* [YOUR ASSIGNMENT] Exactly as they appear, retype the lines from the one containing "Illustration of mountains" through the final line of the data below. Leave pictures out.

Start of MATERIAL SUPPLIED

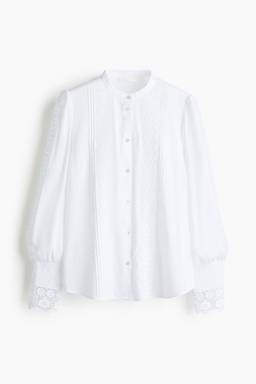 H&M - Embroidered Blouse White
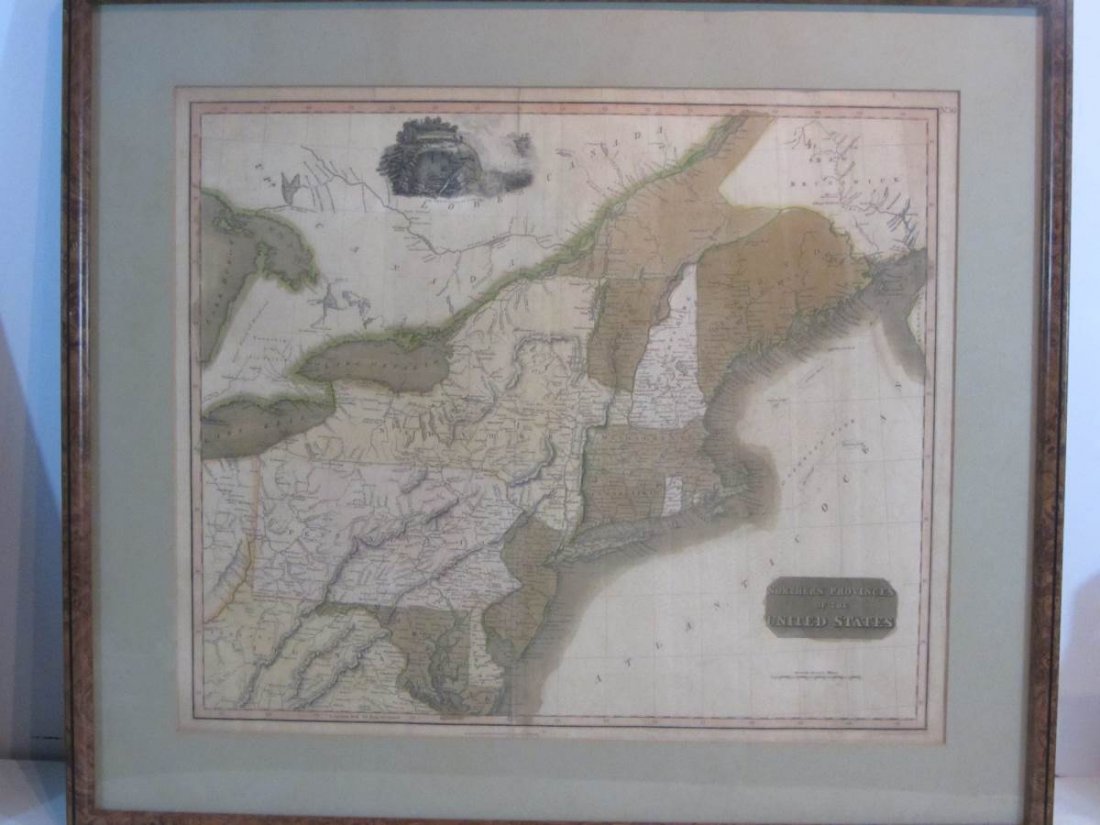 1817 Map of Northern Provinces of the United States: Map of Northern Provinces of the United States drawn by John Thompson Dated 1817 measures 24 x 20.5 inside frame 31.25 x 27.25 with frame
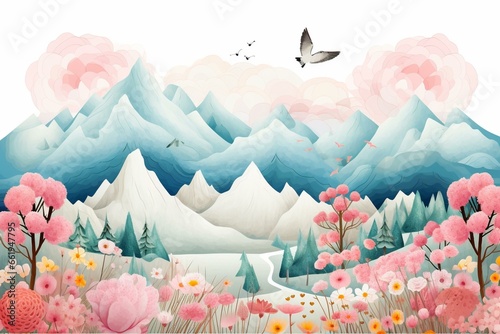 Illustration of mountains with blooming balls, animals, birds, clouds. Ideal for baby room wall decor. Generative AI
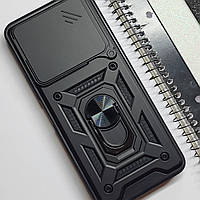 Протиударний чохол зі шторокою та кільцем для Poco M6 4G (Чорний) / на поко м6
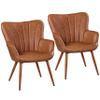 Yaheetech PU Leather Armchair, Modern Accent Chair with Metal Legs, Comfy Upholstered Barrel Chair for Living Room Bedroom Vanity Room, Brown, 2pcs view 1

End of MATERIAL SUPPLIED

* [FINISHED TASK]
 Illustration of mountains with blooming balls, animals, birds, clouds. Ideal for baby room wall decor. Generative AI
 Протиударний чохол зі шторокою та кільцем для Poco M6 4G (Чорний) / на поко м6
 Yaheetech PU Leather Armchair, Modern Accent Chair with Metal Legs, Comfy Upholstered Barrel Chair for Living Room Bedroom Vanity Room, Brown, 2pcs view 1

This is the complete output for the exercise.